## ASSIGNMENT:
Set out the records below again exactly; skip the images.

## TASK INPUT:
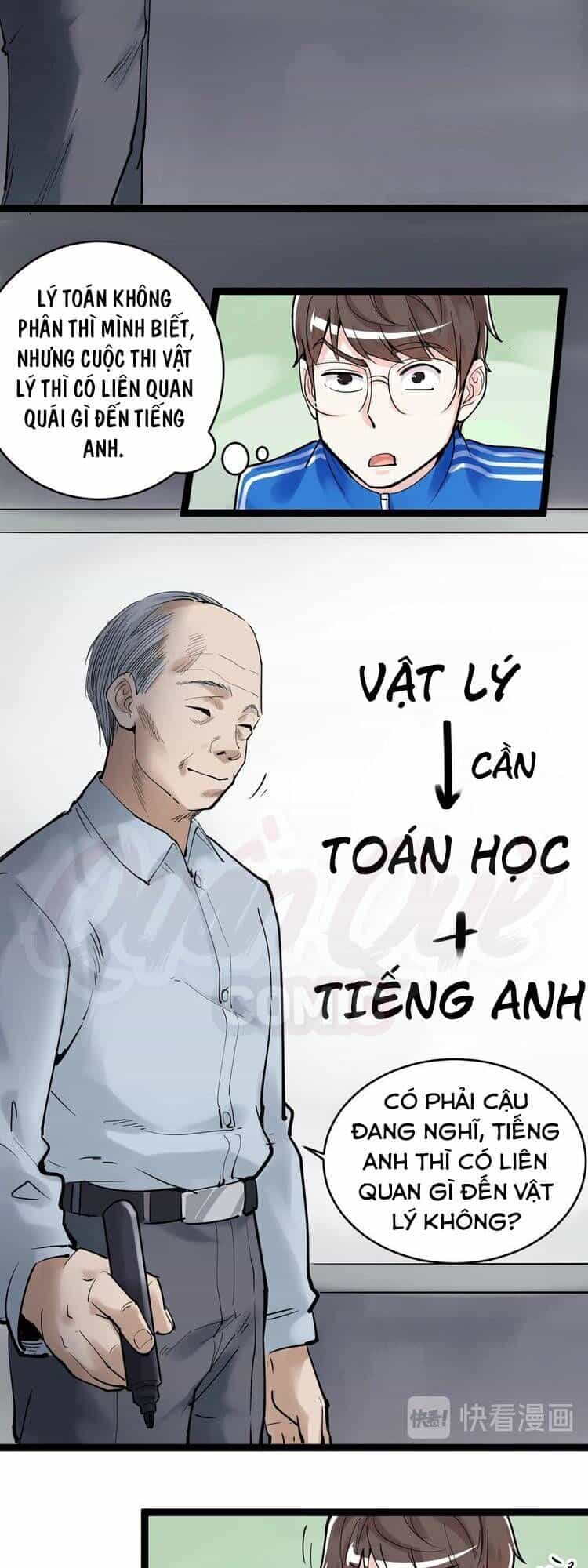 Tinh Thần Đại Hải Của Học Bá - Chương 13 - ảnh 17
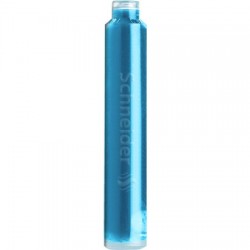 Patroane SCHNEIDER, 6buc/set - cerneala pastel ice blue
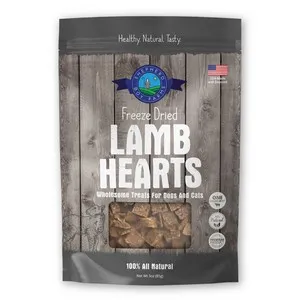 3oz Shepherd FD Lamb Heart - Treats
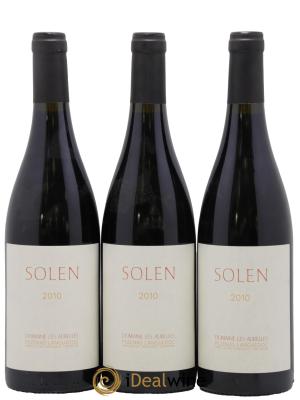 Languedoc Pézenas Solen Domaine les Aurelles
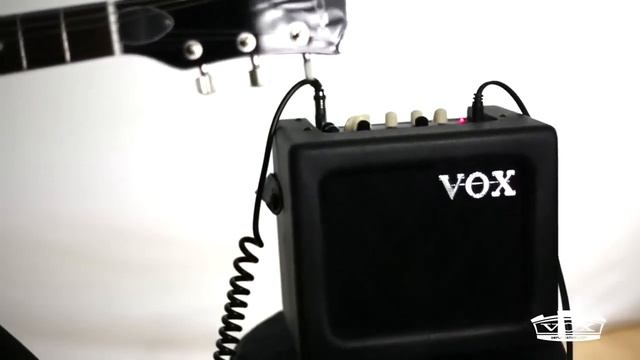 Комбоусилитель VOX Mini 3 G2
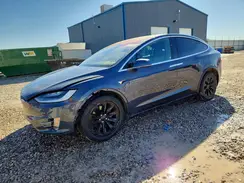 5YJXCAE2XLF233928 2020 TESLA MODEL X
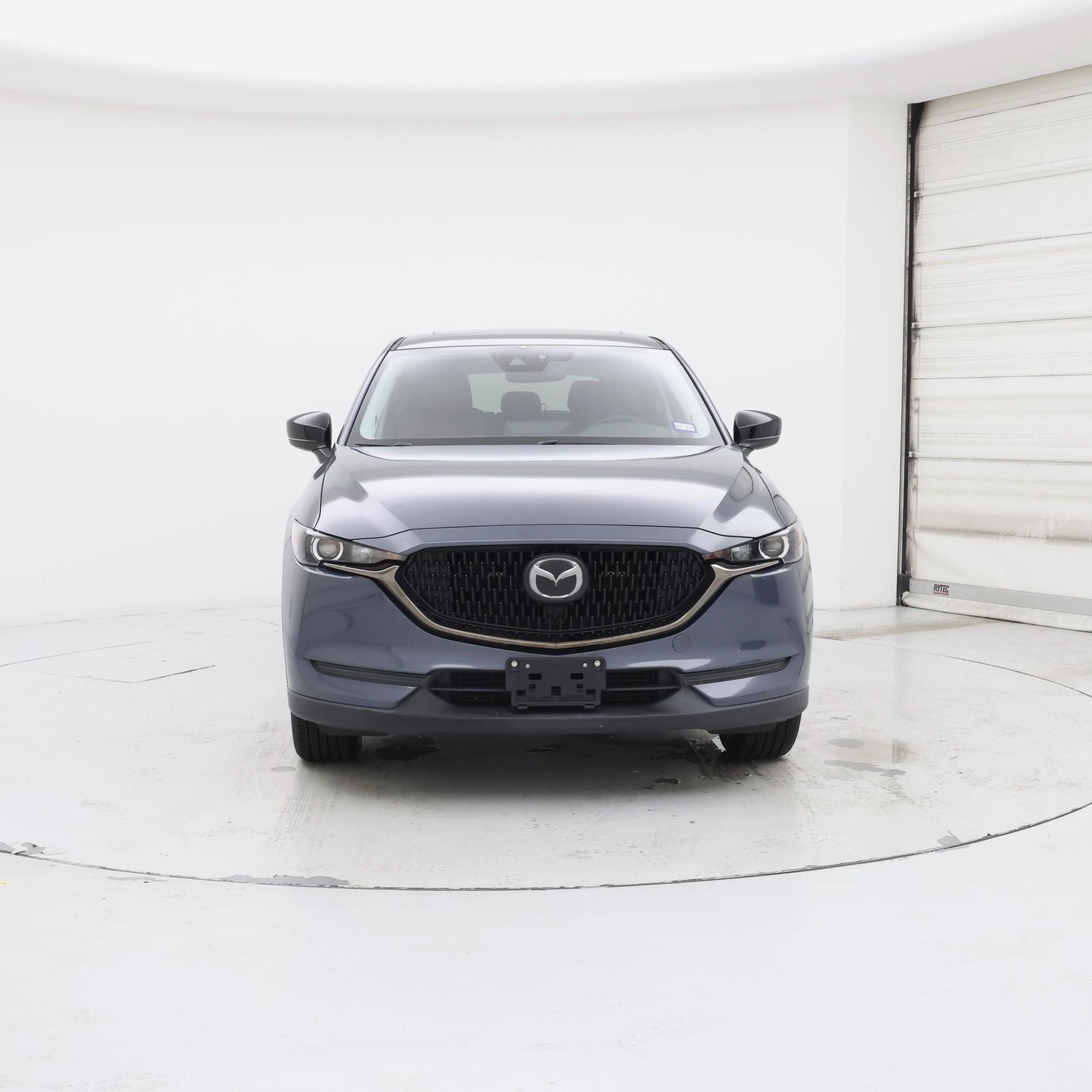 Thumbnail: 2021 Mazda CX-5 - 5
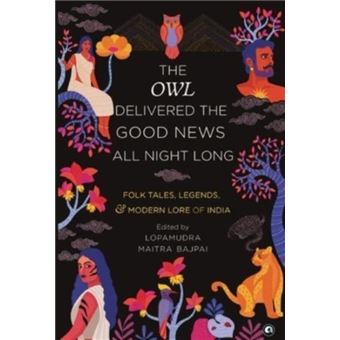 The Owl Delivered The Good News All Night Long - 1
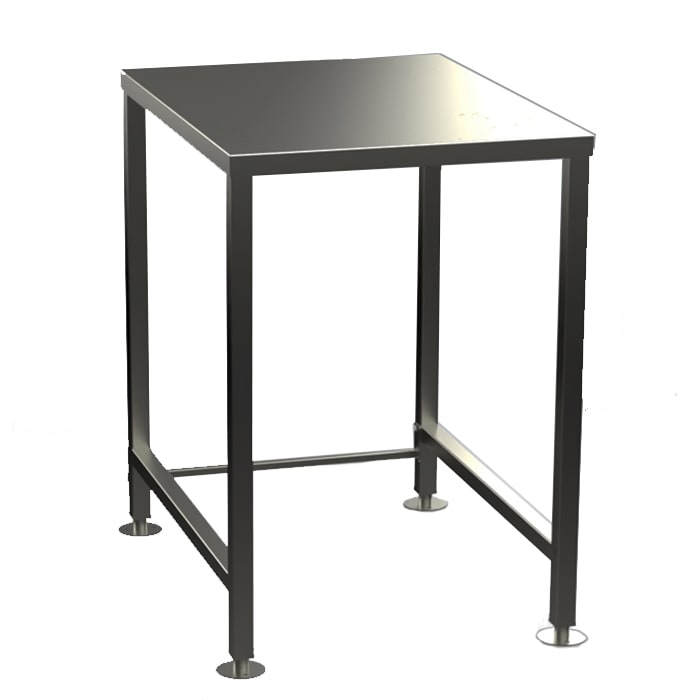 Alto-Shaam 5033311 Stationary Equipment Stand for Vector VMC-H3HW and VMC-H2HW Ovens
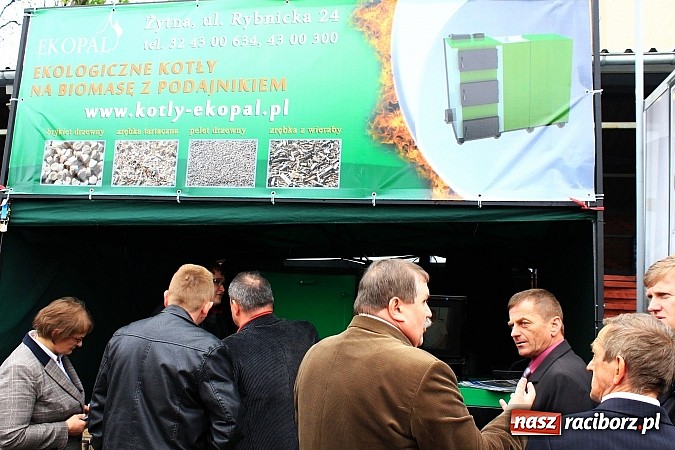 Zdjęcie w galerii na portalu naszraciborz.pl: Przedsiębiorcy zadowoleni z XIII Eko-wystawy wiadomości z regionu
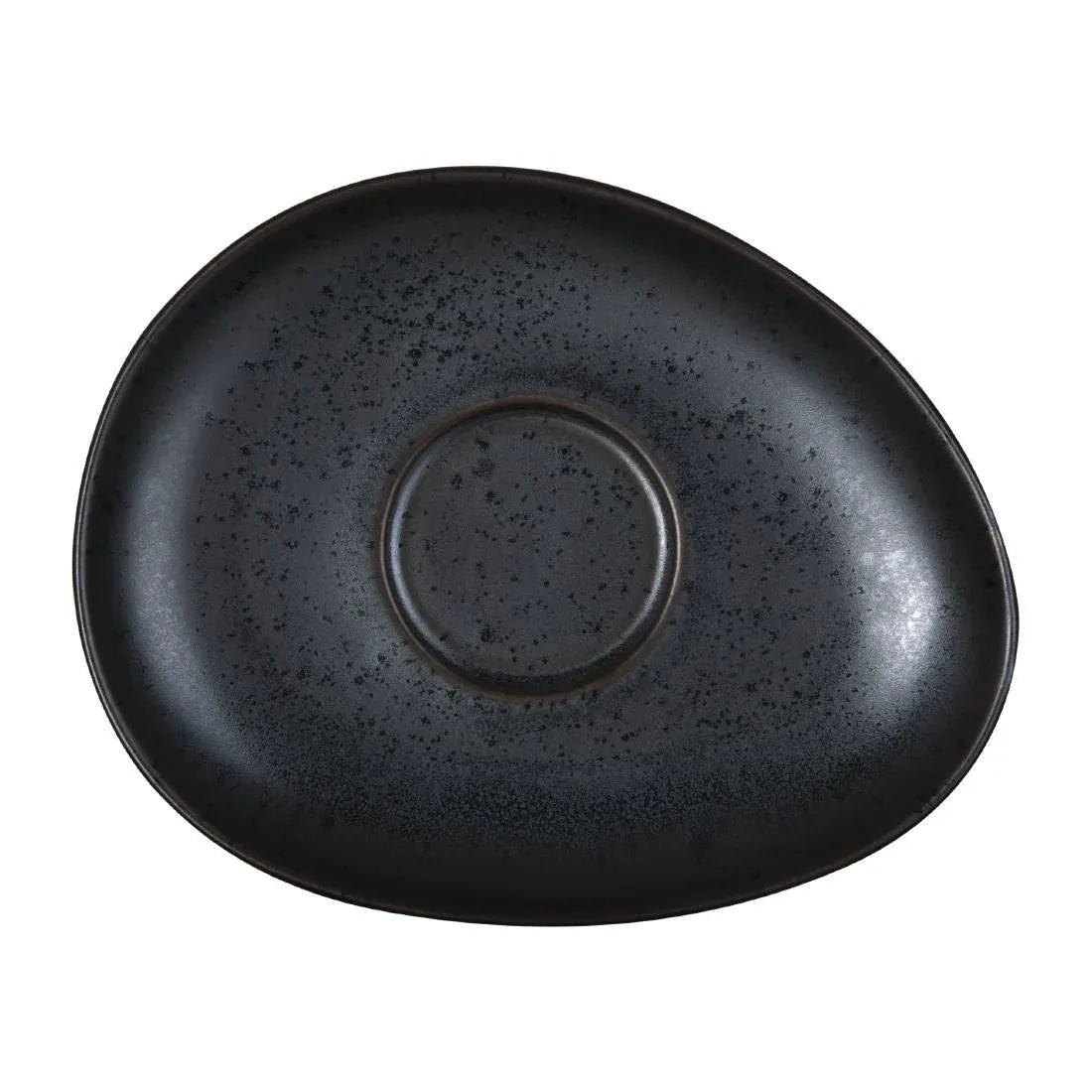 DR099 Olympia Fusion Oval Saucer 160mm (Pack of 6) JD Catering Equipment Solutions Ltd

## RESULT:
 Tinh Thần Đại Hải Của Học Bá - Chương 13 - ảnh 17
 Patroane SCHNEIDER, 6buc/set - cerneala pastel ice blue
 3oz Shepherd FD Lamb Heart - Treats
 Languedoc Pézenas Solen Domaine les Aurelles
 Комбоусилитель VOX Mini 3 G2
 5YJXCAE2XLF233928 2020 TESLA MODEL X
 Thumbnail: 2021 Mazda CX-5 - 5
 The Owl Delivered The Good News All Night Long - 1
 Alto-Shaam 5033311 Stationary Equipment Stand for Vector VMC-H3HW and VMC-H2HW Ovens
 Zdjęcie w galerii na portalu naszraciborz.pl: Przedsiębiorcy zadowoleni z XIII Eko-wystawy wiadomości z regionu
 DR099 Olympia Fusion Oval Saucer 160mm (Pack of 6) JD Catering Equipment Solutions Ltd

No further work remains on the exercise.